Ao ter seu comportamento punido, a pessoa aprende que não deve se comportar daquela maneira, pois assim teria punição, pelo menos diante daquele que puniu. Aproveitando o exemplo supracitado, a criança pode não brigar com o irmão na presença do pai (para evitar a punição), o que não quer dizer que deixará de bater diante de outra pessoa ou mesmo sozinho com o irmão. O que a população comumente defende ser a mais efetiva prática educativa, na verdade ocasiona uma operação de esquiva das consequências aversivas, tão somente, e não uma aprendizagem quanto ao modo certo de se comportar. Ainda no exemplo, a criança não aprenderá a ter comportamento amistoso, colaborativo, empático e amoroso com o irmão, pois isso não foi desenvolvido com o tapa recebido.
Assim, outro efeito que pode ser observado na punição corporal é que, por não aprender a se comportar de modo adequado, a pessoa pode buscar outras maneiras de fazer exatamente o mesmo, sem ser descoberta. É o caso de uma adolescente que está namorando precocemente. Ao receber punições, ela pode tanto deixar de namorar, quanto também pode mudar o horário das conversas ao telefone, mentir que rompeu o relacionamento, fugir de casa para encontrar o amante, ou mesmo não ouvir nenhuma orientação dos pais quanto a isso. Observe que, apesar da punição, ela continua tendo acesso a algo prazeroso, que é o namoro. É como se fosse um “estágio” que, embora sofrido, tende a passar e logo ela encontra algo reforçador que a fará “esquecer” da dor.
Na punição física, também se observa efeitos ligados às emoções de quem a recebe.

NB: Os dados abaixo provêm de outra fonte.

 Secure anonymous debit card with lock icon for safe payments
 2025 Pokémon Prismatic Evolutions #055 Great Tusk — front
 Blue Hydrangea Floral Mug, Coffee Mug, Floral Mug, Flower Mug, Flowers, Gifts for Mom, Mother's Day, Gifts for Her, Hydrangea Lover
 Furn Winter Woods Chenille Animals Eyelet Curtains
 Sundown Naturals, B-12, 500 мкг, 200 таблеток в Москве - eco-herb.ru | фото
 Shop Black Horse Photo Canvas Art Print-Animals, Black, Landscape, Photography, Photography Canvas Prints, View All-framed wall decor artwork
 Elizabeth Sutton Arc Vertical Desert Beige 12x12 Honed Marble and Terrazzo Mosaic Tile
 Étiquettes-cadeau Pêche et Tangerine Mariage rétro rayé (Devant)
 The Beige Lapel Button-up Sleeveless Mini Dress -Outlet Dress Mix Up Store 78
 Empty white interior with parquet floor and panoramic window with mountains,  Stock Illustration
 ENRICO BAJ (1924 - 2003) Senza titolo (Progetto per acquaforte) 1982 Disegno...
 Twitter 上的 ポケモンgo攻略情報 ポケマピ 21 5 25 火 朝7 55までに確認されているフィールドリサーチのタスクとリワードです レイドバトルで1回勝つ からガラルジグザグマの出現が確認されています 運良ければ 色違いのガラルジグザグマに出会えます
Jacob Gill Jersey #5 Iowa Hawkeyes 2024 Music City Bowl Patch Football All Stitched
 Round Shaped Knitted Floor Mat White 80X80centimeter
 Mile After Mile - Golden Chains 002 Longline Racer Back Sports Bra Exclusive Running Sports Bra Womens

A criança ou adolescente pode ter raiva do agressor, sobretudo quando ela não sabe a razão da agressão. Nesses momentos, ela pode usar-se de estratégias para ferir moralmente ou emocionalmente quem puniu, como por exemplo desafiar a bater mais forte ou mais vezes, ou dizer que não está doendo. Nem é preciso dizer que a raiva na relação entre ambos prejudica o clima familiar e a afetividade.
É comum observar que o jovem que tem seu comportamento punido obedece e respeita o pai punidor. Na verdade, complementando o que fora dito anteriormente, o que existe é o medo do agressor, que se tornou aversivo. Muitas vezes, no raciocínio da criança, estar diante dele pode sinalizar uma punição iminente, e o melhor é afastar-se (fugir) para evitar problemas futuros.

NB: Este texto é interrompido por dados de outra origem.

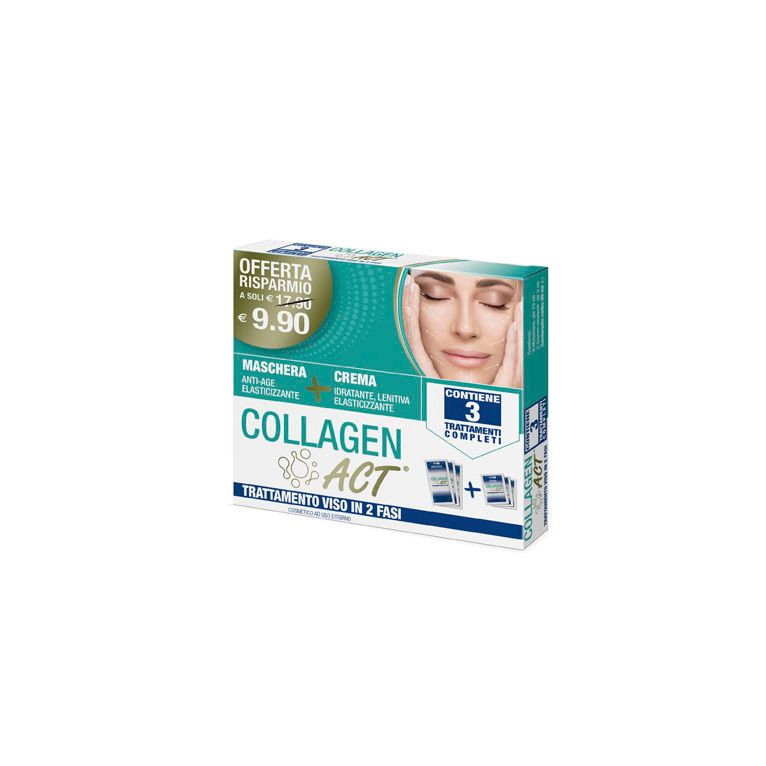 collagen act trattamento viso 2 fasi maschera anti age elasticizzante 3 pezzi da 15 ml + crema idratante lenitiva elasticizzante 3 pezzi da 5 ml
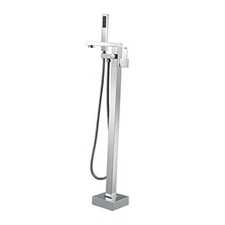 Freestanding Bathtub Faucet Tub Filler Floor Mounted Brass Bathroom Chrome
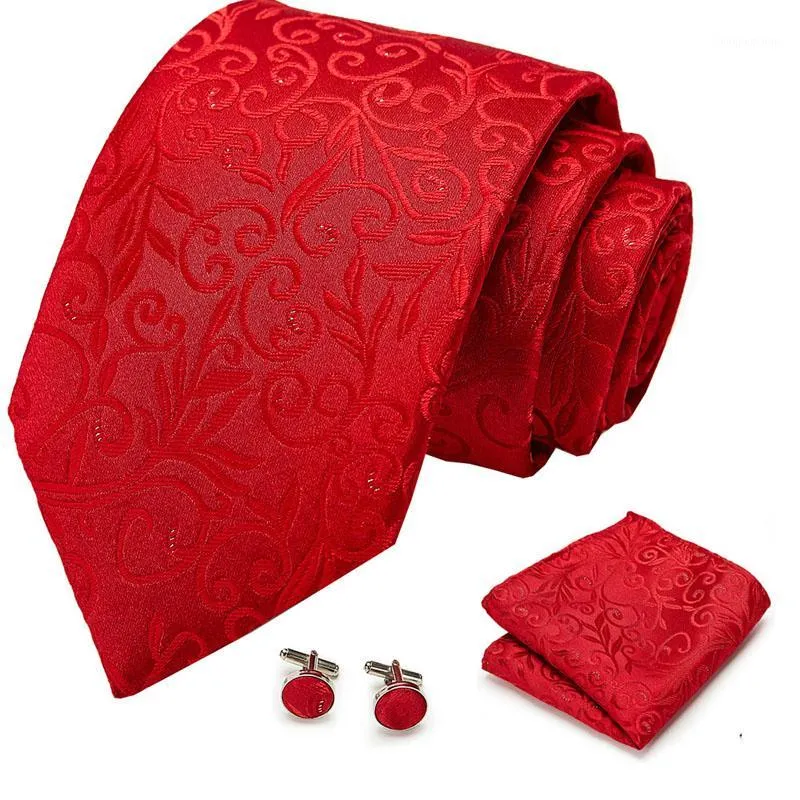 Arco laços Vangise Vermelho Floral 100% Seda para Homens Presentes Gravata Gravata Gravata Handkerchief Set Business Groom1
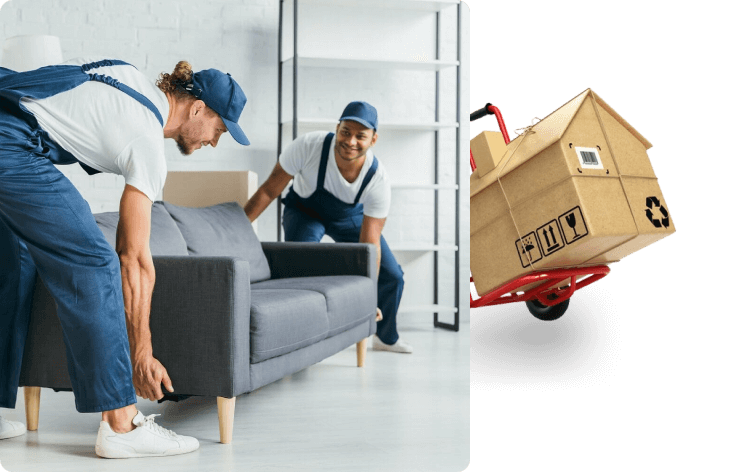 an image showing 2 men carrying a sofa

Caso as punições sejam inconsistentes, frequentes e que dependem do humor dos pais, o jovem pode desenvolver um quadro de desamparo aprendido, que se assemelha à depressão. Esse quadro se instala devido ao jovem não entender porque está sendo punido, nem por saber o que pode fazer de correto para evitar as consequências aversivas inesperadas.

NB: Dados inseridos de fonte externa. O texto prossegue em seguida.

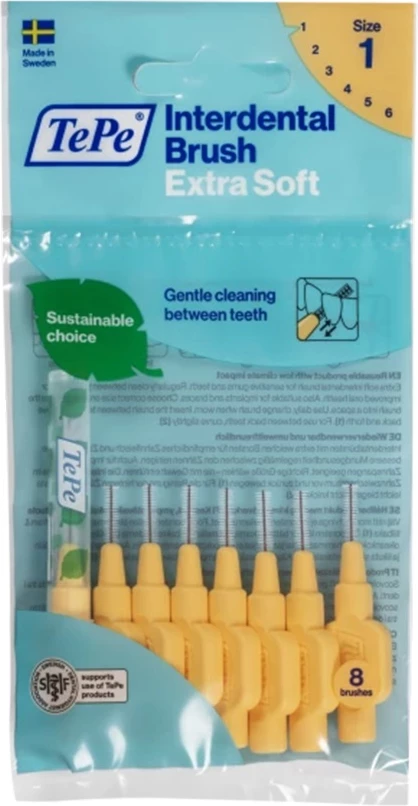 Furça ndërdhëmbësh TePe Extra Soft 0.45mm Light Orange 8 copë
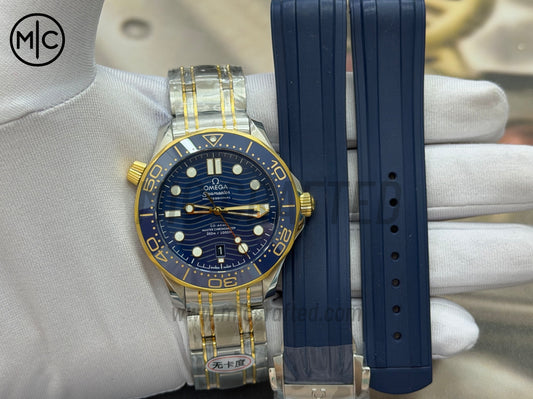 Seamaster Diver 300M SS/YG Blue Ceramic Blue Dial on SS/YG Bracelet – Premium Edition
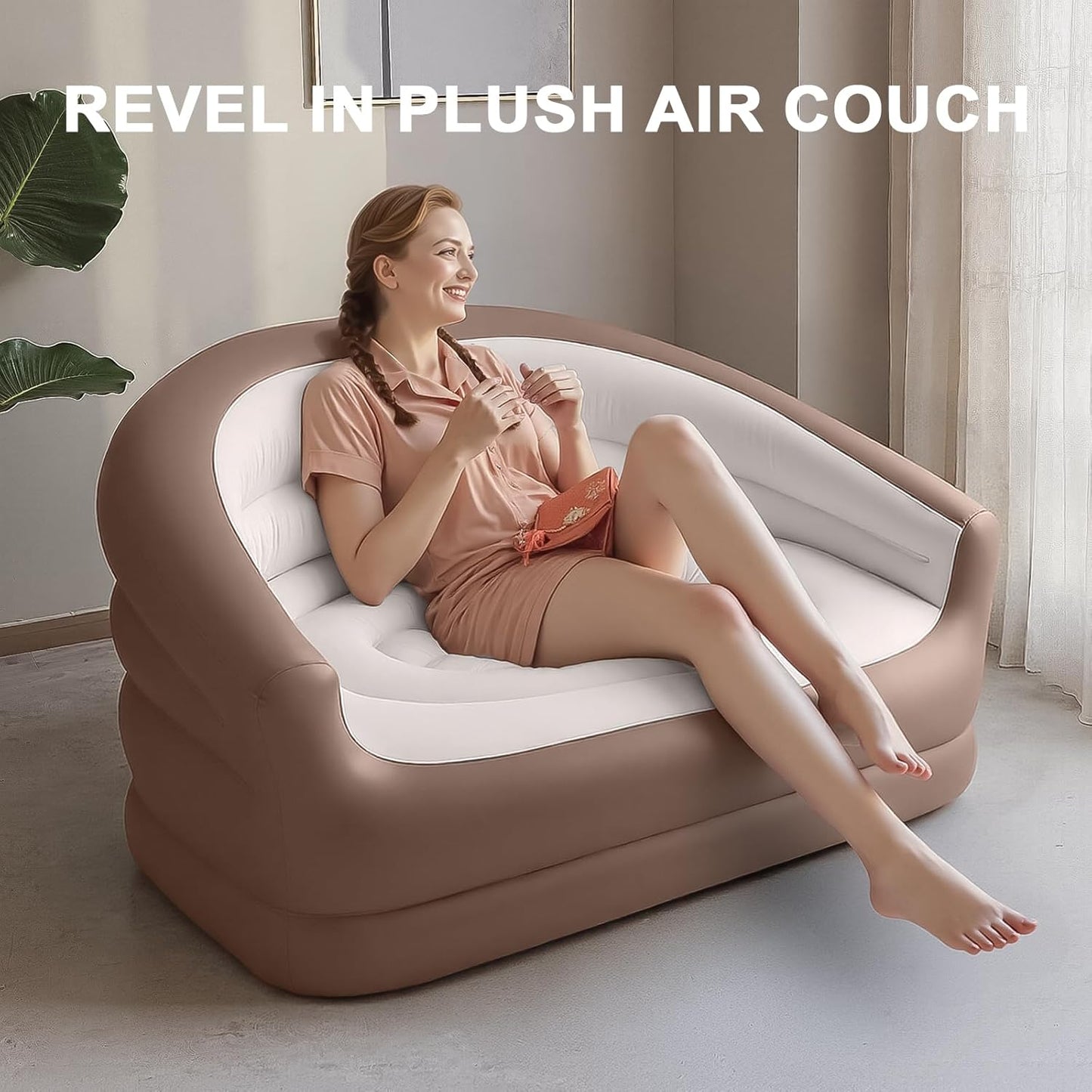 Twin Size Air Mattress Inflatable Sofa,Double Inflatable Chair for Adults-Flodable Blow Up Couch Lounger-Portable Air Sofa for Indoor Living/Tent Camping/Outdoor Activities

A partir do momento em que pais associam amor à dor, como ao dizer “eu te bato porque quero seu bem”, a criança aprende que quem ama pode machucar, o que pode trazer disfunções em outros relacionamentos futuros (como submissão a violência conjugal, por exemplo). Excessos de punições corporais também apresentam o risco de a criança desenvolver em longo prazo comportamentos antissociais, como mentir, enganar, provocar e também reproduzir a agressão com outras pessoas.
Uma última consequência é a baixa autoestima: os excessos de eventos físicos aversivos podem produzir culpa, vergonha, crenças de baixa valia e de que seus comportamentos nunca são bons o suficiente para seus pais, o que repercute negativamente no autoconceito e em como a pessoa se apresenta socialmente.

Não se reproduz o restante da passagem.